Chinese Hackers Exploit Fortinet Zero-Day Flaw for Cyber Espionage Attack

Chinese Hackers Exploit Fortinet Zero-Day Flaw for Cyber Espionage Attack

Mar 18, 2023Ravie LakshmananNetwork Security / Cyber ​​Espionage

Chinese Hackers Exploit Fortinet Zero-Day Flaw for Cyber Espionage Attack

The zero-day exploitation of a now-patched medium-severity security flaw in Fortinet FortiOS The operating system has been linked to a suspected Chinese hacking group.

Threat intelligence firm Mandiant, which made the attribution, said the activity cluster was part of a broader campaign designed to deploy backdoors in Fortinet and VMware solutions and maintain continued access to victim environments .

The Google-owned threat intelligence and incident response firm tracks malicious operations under its uncategorized moniker UNC3886a China-nexus threat actor.

“UNC3886 is an advanced cyber espionage group with unique capabilities in how they operate on the network as well as the tools they use in their campaigns,” Mandiant researchers said in a technical analysis.

“UNC3886 has been observed targeting firewall and virtualization technologies without EDR support. Their ability to manipulate firewall firmware and exploit a zero-day indicates that they have curated a deeper level of understanding such technologies.”

It is worth noting that the opponent is formerly bound in another intrusion set targeting VMware ESXi and Linux vCenter servers as part of a hyperjacking campaign designed to drop backdoors such as VIRTUALPITA and VIRTUALPIE.

The latest disclosure from Mandiant comes as Fortinet expressed that government entities and large organizations fell victim to an unknown threat actor by exploiting a zero-day bug in Fortinet FortiOS software to result in data loss and OS and file corruption.

The weakness, tracked as CVE-2022-41328 (CVSS score: 6.5), concerns a path traversal bug in FortiOS that can lead to arbitrary code execution. It was patched by Fortinet on March 7, 2023.

According to Mandiant, the attacks mounted by the UNC3886 targeted Fortinet’s FortiGate, FortiManager, and FortiAnalyzer appliances to deploy two different implants such as THINCRUST and CASTLETAP. This, in turn, is made possible by the fact that the FortiManager device is exposed to the internet.

THINCRUST is a Python backdoor capable of executing arbitrary commands as well as reading and writing from and to disk files.

The persistence provided by THINCRUST is subsequently used to deliver FortiManager scripts that exploit the FortiOS path traversal flaw to overwrite legitimate files and modify firmware images.

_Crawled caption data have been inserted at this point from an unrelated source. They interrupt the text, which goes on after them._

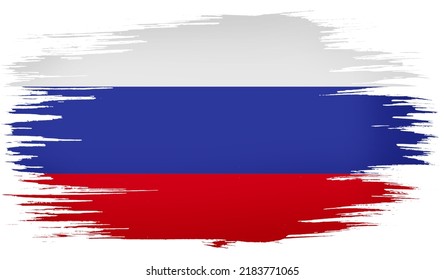 Colorful Hand-drawn Brush Strokes Painted National Country Flag Of Russia. Template For Banner, Card, Advertising , TV Commercial, Ads, Web Design And Magazine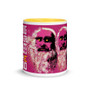 Leonardo da Vinci self portrait pink artistic mug part of the art history collectible mugs by Neoclassical Pop Art
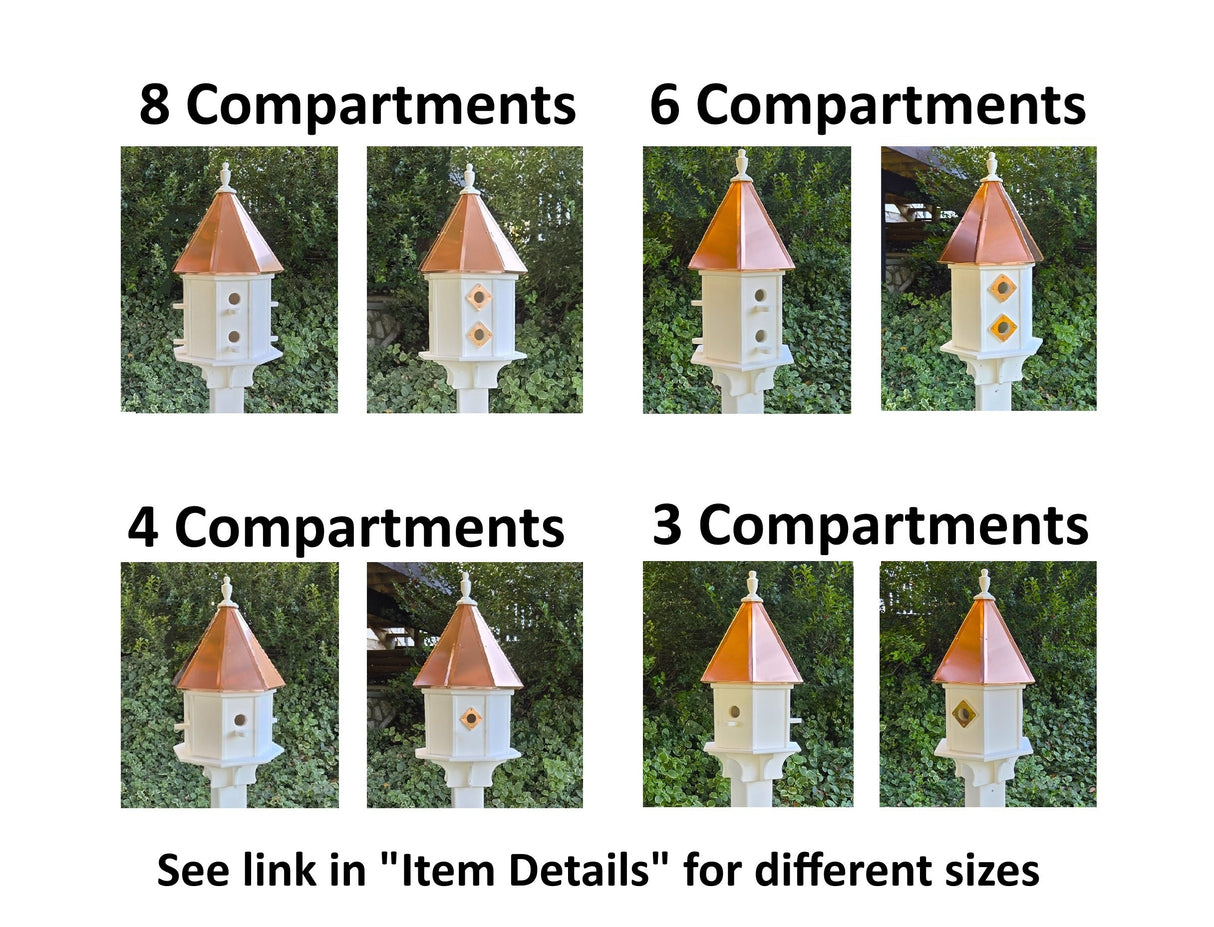 2 Nesting Compartments Amish Handmade Copper Roof Birdhouse With Individual Perches, Duplex 2 Holes Bluebird Songbird Bird House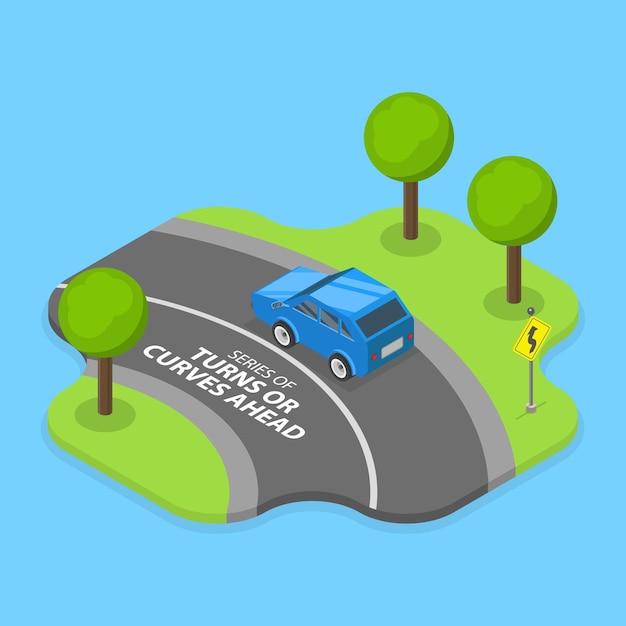 D Ilustración de vector plano isométrico de la conducción de automóviles de seguridad de la regulación del tráfico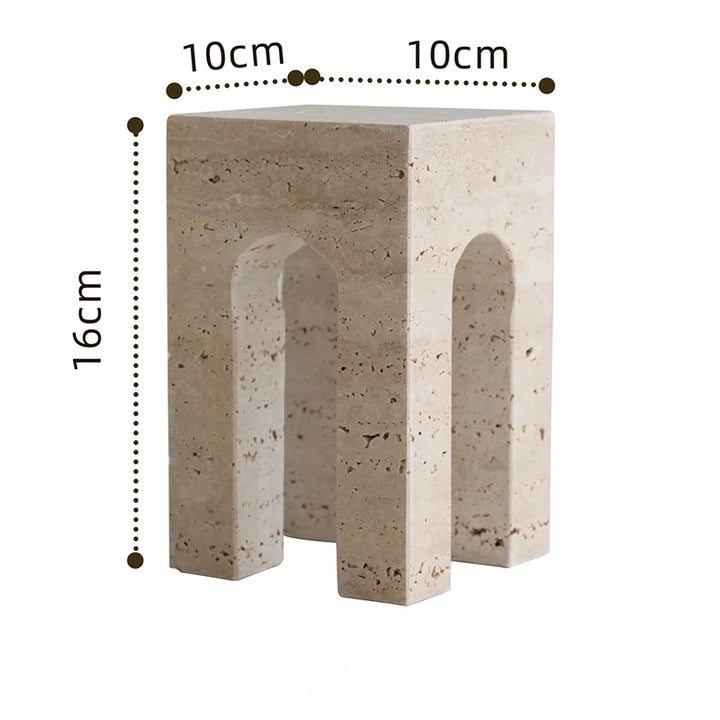 Travertine Archway Sculpture – Modern Stone Figurine for Shelf, Coffee Table, Bookshelf & TV Cabinet | Minimalist Home Decor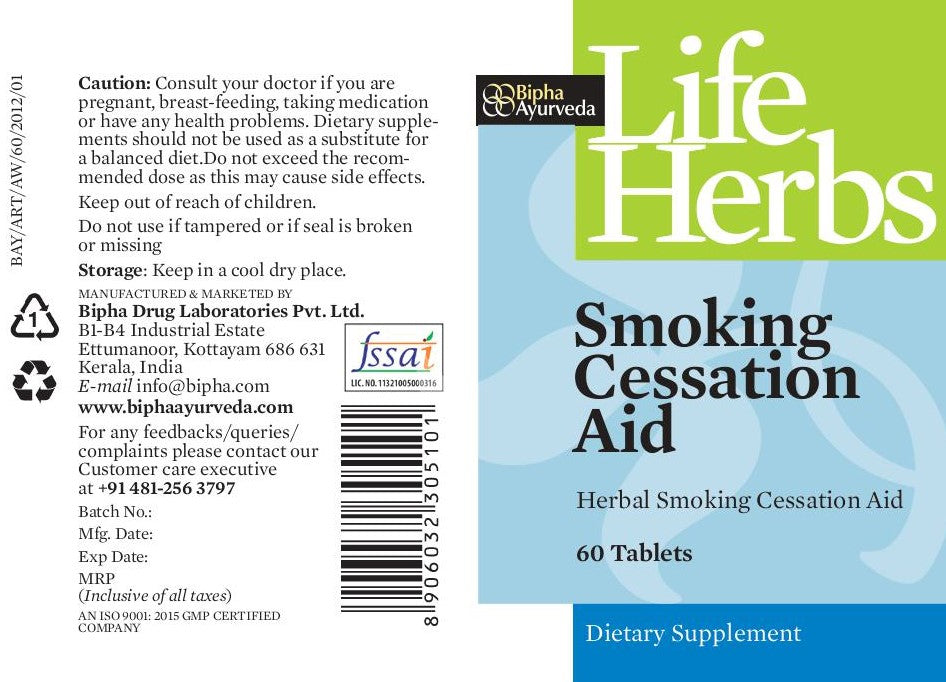 Life Herbs smoking cessation aid box with herbal dietary supplement label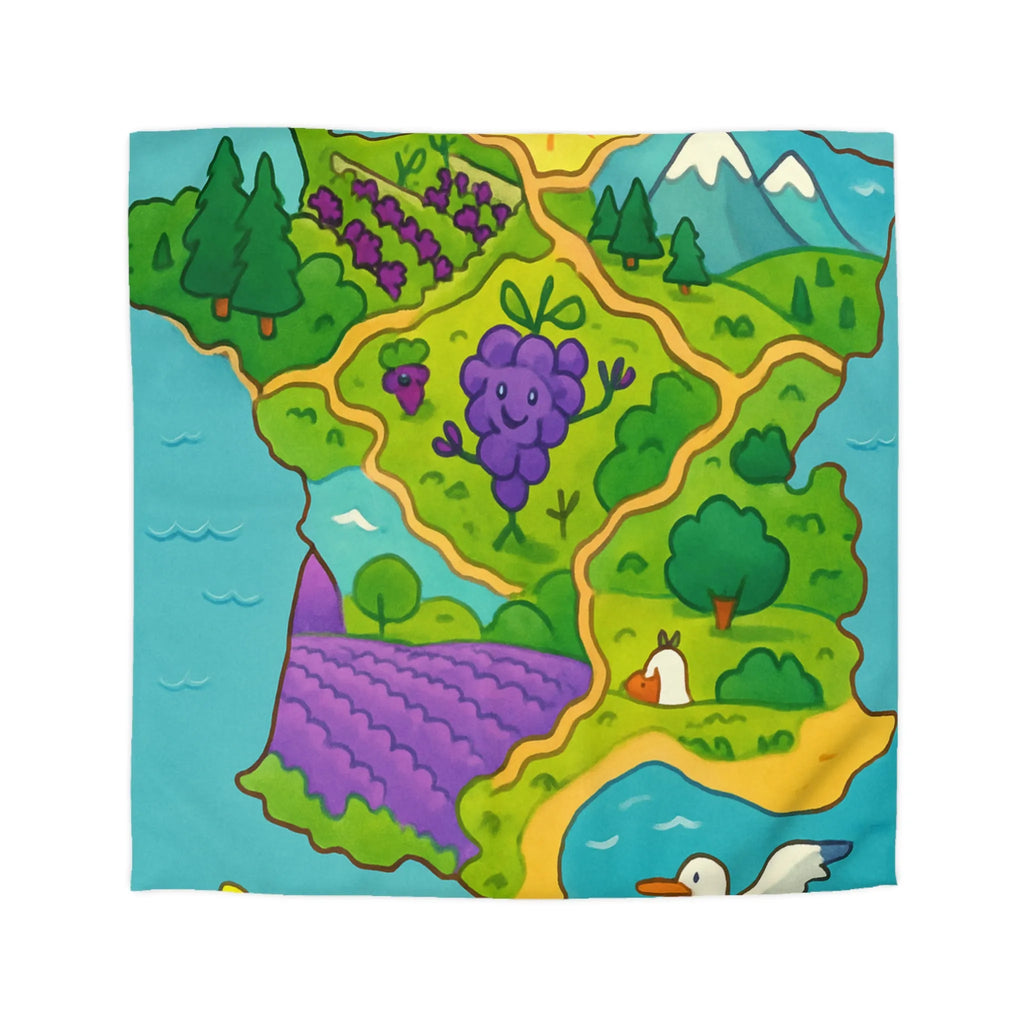 Carte colorée de France illustrée avec paysage ensoleillé et animaux adorables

It includes a newly added payload called “/bin/fgfm” (referred to as CASTLETAP) that issues an actor-controlled server to accept incoming instructions allowing it to run commands, get of payloads, and exfiltrate data from the compromised. host.

“When CASTLETAP is deployed on the FortiGate firewall, the threat actor is connected to the ESXi and vCenter machines,” the researchers explained. “The threat actor deployed VIRTUALPITA and VIRTUALPIE to establish persistence, allowing for continued access to hypervisors and to guest machines.”

Alternatively, on FortiManager devices enforcing internet access restrictions, the threat actor allegedly pivoted from a FortiGate firewall compromised with CASTLETAP to drop a reverse shell backdoor named REPTILE (“/bin/ klogd”) in the network management system to regain access .


Discover the Hidden Risks of Third-Party SaaS Apps

Do you know the risks associated with third-party app access to your company’s SaaS apps? Join our webinar to learn about the types of permissions granted and how to minimize risk.


The UNC3886 at this stage also uses a utility called TABLEFLIP, a network traffic redirection software to connect directly to the FortiManager device regardless of the access-control list (ACL) rules placed.

This is far from the first time that Chinese adversarial collectives have targeted networking equipment to distribute custom malware, with recent attacks exploiting other vulnerabilities in Fortinet and SonicWall devices.

The revelation also comes as threat actors are developing and implementing exploits faster than ever, with as many as 28 vulnerabilities exploited within seven days of public disclosure — a 12% increase over 2021 and an 87% increase by 2020, according to Fast7.

It’s also important, not least because China-aligned hacking crews have become “particularly knowledgeable” in exploiting zero-day vulnerabilities and deploying custom malware to steal user credentials and maintain long-term access to target networks.

“The activity […] is further evidence that advanced cyber espionage threat actors are exploiting any technology available to proceed and traverse a target environment, especially those technologies that do not support EDR solutions,” said Mandiant.